8 de março: vivas, por Marielle e em defesa da previdência Mulheres na linha de frente contra o governo Bolsonaro!
O feminismo ganhou visibilidade nas redes, nas ruas, na mídia. Um estudo publicado em 2017 pelo Google BrandLab constatou que, em dois anos, a busca pela palavra “feminismo” cresceu em 200%. Crescem também canais de YouTube referente ao tema das opressões em geral.
A Lei Maria da Penha, o reconhecimento do termo “feminicídio”, o aumento de notícias e reportagens sobre o tema da violência contra a mulher, a popularização do termo “ser feminista”, o reconhecimento nos centros e nas periferias de que devemos meter a colher sim em briga de marido e mulher … para alcançarmos isso foi preciso coragem de muitas mulheres organizadas coletivamente. Foram muitos anos de incentivo à denúncia, para romper o silêncio sobre a violência contra a mulher.
Transformamos luto em verbo
No dia seguinte ao assassinato de Marielle e Anderson, milhares de pessoas foram às ruas por todo o país marchar em atos convocados para responder à altura da indignação. Um conforto em meio a tanta dor, a comprovação de que somos sementes, e de que jamais conseguirão deter a primavera feminista: até que todas sejamos livres, transformaremos o luto em verbo e honraremos Marielle e outras lutadoras importantes!

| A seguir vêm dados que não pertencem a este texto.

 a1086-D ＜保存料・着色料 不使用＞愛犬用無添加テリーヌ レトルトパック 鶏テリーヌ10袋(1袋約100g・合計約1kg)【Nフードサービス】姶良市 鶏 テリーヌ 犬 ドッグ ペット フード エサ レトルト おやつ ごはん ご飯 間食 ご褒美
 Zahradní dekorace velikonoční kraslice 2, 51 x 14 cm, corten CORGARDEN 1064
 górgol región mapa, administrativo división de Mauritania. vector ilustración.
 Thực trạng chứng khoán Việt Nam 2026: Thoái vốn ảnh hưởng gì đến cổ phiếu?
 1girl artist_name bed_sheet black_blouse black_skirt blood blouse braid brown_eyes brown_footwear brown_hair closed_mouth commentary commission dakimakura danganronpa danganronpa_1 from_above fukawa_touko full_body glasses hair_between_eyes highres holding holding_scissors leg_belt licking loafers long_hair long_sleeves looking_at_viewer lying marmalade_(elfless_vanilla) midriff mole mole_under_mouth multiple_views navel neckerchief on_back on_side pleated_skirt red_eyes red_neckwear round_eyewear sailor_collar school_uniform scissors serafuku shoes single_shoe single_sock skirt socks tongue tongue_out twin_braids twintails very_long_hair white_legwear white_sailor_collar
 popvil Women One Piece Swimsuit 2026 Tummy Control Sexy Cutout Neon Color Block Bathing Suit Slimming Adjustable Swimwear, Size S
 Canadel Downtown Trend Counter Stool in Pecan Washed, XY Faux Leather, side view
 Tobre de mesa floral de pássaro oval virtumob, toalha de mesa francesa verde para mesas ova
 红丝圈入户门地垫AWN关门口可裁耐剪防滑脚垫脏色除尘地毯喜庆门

Não só no que diz respeito às lutas específicas, desde junho de 2013, as mulheres assumiram protagonismo em lutas importantes como a ocupação dos secundaristas contra fechamento das escolas, o Fora Cunha, o Fora Temer, a luta contra a Reforma da Previdência, sem falar no #EleNão, ano passado. O grupo “Mulheres unidas contra Bolsonaro” reuniu, em poucos dias, 4 milhões de mulheres por meio do Facebook. Ainda durante o processo eleitoral, colocou milhares de pessoas para se manifestarem, contra as ameaças de um candidato como Bolsonaro.
Nosso barulho incomodou
Nosso barulho incomodou (e segue incomodando) muita gente. O setor que propaga memes, piadas e palavras de ódio contra as feministas e as mulheres que têm se recusado ao papel de “bela, recatada e do lar” encontrou eco na candidatura de Bolsonaro. Em seu programa de governo, a violência contra a mulher é mencionada uma única vez de forma muito superficial. Nada surpreende, considerando que, quando deputado federal, votou contra Lei do Feminicídio. Somente na primeira semana de 2019, foram registrados pelo menos 21 casos e 11 tentativas de feminicídio no Brasil, e em sua maioria o agressor possuía alguma relação com a vítima (parceiro ou ex-parceiro). Ainda assim, no dia 9 o governo Bolsonaro ensaiou retirar dos livros didáticos os temas de igualdade de gênero e violência contra a mulher, mas por pressão popular, foi obrigado a recuar.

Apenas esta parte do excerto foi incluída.